**WHAT YOU ARE ASKED TO DO**.
Going down the listing below, print exactly each line from the one with "Little boy crossing" up to and including the one with "Slightly worn white and blue timberlands", and skip the rest.

──────── LISTED RECORDS

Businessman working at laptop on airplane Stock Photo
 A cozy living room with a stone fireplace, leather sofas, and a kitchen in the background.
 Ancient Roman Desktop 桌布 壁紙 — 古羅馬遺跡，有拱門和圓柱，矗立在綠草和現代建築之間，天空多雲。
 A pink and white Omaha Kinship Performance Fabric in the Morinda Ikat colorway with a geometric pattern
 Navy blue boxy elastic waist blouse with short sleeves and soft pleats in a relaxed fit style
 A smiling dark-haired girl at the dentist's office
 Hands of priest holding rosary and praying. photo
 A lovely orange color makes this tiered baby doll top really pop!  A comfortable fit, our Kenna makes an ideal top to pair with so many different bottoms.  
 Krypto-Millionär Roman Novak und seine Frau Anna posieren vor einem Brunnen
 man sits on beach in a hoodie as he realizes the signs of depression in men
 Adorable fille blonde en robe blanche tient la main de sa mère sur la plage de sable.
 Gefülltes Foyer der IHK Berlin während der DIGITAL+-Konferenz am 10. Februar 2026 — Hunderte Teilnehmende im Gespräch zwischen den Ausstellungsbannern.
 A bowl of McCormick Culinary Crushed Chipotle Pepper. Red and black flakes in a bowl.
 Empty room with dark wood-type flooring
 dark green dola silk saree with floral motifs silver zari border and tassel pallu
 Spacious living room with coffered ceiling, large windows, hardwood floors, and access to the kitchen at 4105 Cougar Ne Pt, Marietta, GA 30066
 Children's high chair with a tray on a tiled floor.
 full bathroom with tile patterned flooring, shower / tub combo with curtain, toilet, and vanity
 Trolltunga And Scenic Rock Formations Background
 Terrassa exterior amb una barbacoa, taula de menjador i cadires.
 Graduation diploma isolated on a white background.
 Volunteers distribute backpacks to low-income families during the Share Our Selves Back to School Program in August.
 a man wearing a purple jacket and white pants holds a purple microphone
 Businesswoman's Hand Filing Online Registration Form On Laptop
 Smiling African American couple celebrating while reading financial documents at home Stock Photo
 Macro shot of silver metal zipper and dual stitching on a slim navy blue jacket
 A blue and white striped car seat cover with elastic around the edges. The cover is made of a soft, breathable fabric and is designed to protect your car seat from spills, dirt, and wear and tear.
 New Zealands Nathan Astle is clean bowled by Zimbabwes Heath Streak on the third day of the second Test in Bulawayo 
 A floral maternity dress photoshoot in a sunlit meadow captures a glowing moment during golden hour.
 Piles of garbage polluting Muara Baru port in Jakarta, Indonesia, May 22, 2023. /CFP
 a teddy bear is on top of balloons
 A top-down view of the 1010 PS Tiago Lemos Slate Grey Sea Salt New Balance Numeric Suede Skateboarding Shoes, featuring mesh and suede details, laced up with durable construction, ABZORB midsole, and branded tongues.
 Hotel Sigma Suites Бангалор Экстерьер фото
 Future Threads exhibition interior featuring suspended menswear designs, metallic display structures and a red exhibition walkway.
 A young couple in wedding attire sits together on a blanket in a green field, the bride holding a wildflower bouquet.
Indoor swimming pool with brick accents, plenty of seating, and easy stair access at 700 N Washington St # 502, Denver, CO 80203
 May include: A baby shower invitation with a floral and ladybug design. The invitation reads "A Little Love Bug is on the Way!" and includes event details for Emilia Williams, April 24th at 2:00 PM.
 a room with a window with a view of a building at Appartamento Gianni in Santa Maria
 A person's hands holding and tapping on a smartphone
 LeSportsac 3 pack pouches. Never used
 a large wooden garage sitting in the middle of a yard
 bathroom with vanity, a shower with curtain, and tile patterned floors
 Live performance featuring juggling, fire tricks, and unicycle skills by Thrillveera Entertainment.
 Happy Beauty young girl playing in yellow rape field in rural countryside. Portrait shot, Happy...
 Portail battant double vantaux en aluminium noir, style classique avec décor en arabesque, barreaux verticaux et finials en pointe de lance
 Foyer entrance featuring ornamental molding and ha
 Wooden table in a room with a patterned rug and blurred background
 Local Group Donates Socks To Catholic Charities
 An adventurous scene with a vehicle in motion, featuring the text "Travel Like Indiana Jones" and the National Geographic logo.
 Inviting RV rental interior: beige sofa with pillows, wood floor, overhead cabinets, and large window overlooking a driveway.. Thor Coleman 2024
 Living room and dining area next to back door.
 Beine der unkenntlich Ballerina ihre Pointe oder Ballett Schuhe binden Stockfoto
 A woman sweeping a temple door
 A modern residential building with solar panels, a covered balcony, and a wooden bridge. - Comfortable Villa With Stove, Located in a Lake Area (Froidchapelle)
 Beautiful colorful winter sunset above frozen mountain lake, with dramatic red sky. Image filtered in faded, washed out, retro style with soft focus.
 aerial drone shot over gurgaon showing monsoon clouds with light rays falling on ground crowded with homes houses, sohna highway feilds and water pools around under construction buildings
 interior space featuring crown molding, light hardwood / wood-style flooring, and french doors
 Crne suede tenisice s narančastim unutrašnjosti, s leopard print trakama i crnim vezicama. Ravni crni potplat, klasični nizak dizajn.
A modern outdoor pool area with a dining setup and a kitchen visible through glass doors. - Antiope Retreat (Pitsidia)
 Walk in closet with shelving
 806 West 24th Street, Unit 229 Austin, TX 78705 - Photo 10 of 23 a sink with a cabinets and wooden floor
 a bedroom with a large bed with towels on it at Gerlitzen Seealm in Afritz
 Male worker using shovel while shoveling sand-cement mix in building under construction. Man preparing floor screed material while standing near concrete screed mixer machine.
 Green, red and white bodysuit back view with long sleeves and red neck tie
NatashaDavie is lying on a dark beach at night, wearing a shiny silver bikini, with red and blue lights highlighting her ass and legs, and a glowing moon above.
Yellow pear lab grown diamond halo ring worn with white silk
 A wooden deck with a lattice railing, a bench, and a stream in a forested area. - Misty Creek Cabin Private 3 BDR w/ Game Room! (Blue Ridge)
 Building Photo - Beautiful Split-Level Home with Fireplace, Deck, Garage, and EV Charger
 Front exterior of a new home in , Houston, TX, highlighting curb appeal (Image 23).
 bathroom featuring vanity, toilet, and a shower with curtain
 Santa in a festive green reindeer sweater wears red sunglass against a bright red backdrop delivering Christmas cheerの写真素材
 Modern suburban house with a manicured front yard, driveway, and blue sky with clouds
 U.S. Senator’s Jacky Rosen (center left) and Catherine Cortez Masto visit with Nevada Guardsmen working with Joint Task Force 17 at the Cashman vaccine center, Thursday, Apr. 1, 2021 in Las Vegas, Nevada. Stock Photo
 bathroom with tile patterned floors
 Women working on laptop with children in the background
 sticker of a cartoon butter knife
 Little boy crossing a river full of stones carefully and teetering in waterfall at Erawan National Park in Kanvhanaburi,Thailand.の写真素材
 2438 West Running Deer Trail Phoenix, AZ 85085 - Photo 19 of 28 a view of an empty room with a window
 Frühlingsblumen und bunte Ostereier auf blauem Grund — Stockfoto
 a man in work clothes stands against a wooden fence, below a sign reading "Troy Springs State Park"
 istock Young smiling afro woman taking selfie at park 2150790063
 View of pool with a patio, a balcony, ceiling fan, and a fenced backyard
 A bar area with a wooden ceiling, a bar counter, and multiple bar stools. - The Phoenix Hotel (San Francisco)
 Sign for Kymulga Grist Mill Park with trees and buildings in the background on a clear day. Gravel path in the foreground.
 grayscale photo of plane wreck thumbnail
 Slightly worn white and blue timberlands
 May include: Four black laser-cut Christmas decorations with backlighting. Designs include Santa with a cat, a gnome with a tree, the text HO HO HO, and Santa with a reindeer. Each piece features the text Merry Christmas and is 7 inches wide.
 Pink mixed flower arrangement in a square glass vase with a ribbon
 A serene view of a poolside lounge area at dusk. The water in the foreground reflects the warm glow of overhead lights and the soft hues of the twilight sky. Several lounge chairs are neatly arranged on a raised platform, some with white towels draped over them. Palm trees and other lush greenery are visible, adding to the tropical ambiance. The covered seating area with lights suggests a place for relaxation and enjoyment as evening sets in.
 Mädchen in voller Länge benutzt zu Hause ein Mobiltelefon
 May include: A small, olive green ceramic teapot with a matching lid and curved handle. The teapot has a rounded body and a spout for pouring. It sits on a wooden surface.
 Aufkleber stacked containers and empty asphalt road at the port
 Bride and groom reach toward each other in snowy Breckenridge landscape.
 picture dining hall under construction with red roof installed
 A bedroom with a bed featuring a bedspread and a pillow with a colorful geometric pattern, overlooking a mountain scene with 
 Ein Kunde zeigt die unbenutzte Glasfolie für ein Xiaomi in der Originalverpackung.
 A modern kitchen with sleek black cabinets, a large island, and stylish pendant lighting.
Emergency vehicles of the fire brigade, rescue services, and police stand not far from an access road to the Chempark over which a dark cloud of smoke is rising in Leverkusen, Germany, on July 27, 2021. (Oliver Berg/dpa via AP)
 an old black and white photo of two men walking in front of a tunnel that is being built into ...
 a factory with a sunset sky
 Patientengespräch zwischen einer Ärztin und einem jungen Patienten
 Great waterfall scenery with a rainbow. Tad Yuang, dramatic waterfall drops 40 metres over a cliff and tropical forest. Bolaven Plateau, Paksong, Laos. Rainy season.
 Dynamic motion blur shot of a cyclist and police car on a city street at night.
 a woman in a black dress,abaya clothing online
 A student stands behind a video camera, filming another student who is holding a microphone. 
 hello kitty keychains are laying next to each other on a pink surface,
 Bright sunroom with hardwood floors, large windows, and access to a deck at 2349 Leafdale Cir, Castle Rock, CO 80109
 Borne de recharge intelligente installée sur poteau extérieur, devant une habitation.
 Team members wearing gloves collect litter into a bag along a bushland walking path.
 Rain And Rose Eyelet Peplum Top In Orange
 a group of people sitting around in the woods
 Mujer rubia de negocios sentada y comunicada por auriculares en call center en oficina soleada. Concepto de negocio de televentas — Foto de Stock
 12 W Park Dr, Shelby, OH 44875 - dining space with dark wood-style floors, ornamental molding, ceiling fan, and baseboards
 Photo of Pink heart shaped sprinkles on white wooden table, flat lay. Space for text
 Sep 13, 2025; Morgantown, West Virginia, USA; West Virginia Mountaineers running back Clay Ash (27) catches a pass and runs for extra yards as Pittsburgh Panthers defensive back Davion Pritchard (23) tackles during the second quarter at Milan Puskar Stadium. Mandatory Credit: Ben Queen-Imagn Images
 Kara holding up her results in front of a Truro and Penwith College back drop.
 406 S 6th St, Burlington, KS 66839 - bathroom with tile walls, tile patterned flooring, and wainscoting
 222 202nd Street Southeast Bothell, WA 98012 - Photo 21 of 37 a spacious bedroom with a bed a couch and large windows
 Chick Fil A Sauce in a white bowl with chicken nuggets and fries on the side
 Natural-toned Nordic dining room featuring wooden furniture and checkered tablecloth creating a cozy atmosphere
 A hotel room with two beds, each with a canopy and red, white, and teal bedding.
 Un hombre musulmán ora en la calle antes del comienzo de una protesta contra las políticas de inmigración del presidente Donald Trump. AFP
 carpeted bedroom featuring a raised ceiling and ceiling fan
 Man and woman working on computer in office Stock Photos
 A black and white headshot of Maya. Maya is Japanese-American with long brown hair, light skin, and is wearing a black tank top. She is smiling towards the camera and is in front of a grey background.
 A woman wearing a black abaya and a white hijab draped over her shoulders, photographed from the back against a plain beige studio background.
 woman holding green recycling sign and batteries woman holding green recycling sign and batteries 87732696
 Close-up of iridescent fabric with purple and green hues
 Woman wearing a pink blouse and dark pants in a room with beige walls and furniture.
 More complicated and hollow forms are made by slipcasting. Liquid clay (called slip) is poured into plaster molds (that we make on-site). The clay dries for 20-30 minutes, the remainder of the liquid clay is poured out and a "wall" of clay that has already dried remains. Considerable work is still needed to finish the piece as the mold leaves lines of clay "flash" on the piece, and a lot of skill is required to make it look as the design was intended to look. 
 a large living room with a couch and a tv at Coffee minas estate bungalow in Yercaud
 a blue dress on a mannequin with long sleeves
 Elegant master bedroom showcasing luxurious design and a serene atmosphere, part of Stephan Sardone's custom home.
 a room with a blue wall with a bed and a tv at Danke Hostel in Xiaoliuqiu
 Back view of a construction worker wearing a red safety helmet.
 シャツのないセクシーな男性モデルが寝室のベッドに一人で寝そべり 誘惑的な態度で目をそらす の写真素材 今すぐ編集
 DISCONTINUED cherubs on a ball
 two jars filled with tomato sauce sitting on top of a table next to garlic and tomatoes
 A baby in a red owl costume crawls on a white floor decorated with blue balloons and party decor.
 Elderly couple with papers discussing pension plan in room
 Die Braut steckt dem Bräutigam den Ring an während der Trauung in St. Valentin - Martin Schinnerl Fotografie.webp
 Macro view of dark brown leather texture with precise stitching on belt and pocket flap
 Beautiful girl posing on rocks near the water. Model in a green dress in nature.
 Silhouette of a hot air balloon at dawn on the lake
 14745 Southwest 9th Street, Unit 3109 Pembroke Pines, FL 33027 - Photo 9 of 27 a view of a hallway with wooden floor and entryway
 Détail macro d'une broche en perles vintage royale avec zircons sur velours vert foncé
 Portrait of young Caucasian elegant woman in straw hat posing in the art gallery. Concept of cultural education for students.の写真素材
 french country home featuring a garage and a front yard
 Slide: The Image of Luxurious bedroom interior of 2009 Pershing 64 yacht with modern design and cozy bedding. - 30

────────────────

**OUTPUT OF THE EXERCISE**.
 Little boy crossing a river full of stones carefully and teetering in waterfall at Erawan National Park in Kanvhanaburi,Thailand.の写真素材
 2438 West Running Deer Trail Phoenix, AZ 85085 - Photo 19 of 28 a view of an empty room with a window
 Frühlingsblumen und bunte Ostereier auf blauem Grund — Stockfoto
 a man in work clothes stands against a wooden fence, below a sign reading "Troy Springs State Park"
 istock Young smiling afro woman taking selfie at park 2150790063
 View of pool with a patio, a balcony, ceiling fan, and a fenced backyard
 A bar area with a wooden ceiling, a bar counter, and multiple bar stools. - The Phoenix Hotel (San Francisco)
 Sign for Kymulga Grist Mill Park with trees and buildings in the background on a clear day. Gravel path in the foreground.
 grayscale photo of plane wreck thumbnail
 Slightly worn white and blue timberlands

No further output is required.